- [Task goal]
Each line of the data must be given back verbatim, with pictures removed.

- [Dataset content]
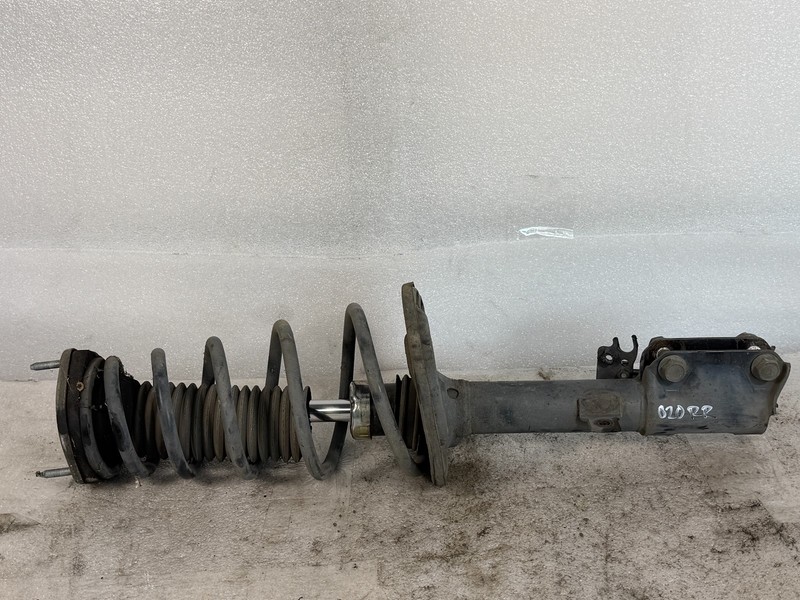 2005 Lexus ES330 Rear Passenger Right Strut OEM 112k Miles #020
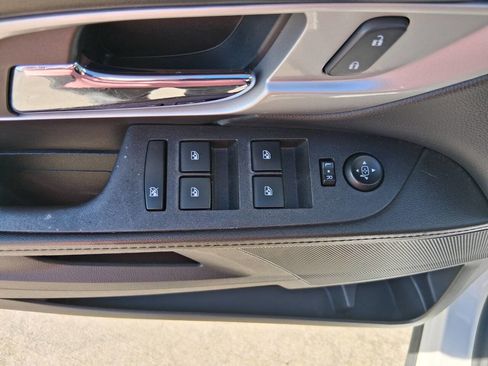 Used 2017 GMC Terrain SLE image 29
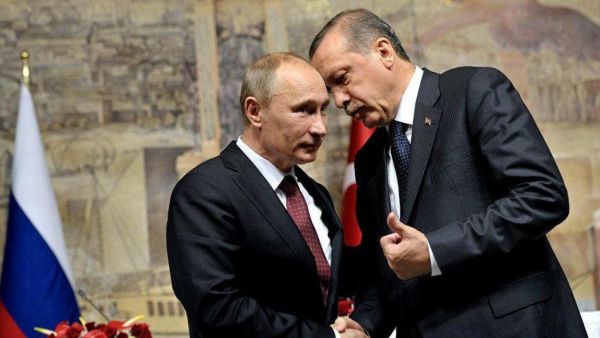 ارشيف: الرئيس التركي رجب طيب إردوغان (يمين) مع نظيره الروسي فلاديمير بوتين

- [Answer section]
 2005 Lexus ES330 Rear Passenger Right Strut OEM 112k Miles #020
 Used 2017 GMC Terrain SLE image 29
 ارشيف: الرئيس التركي رجب طيب إردوغان (يمين) مع نظيره الروسي فلاديمير بوتين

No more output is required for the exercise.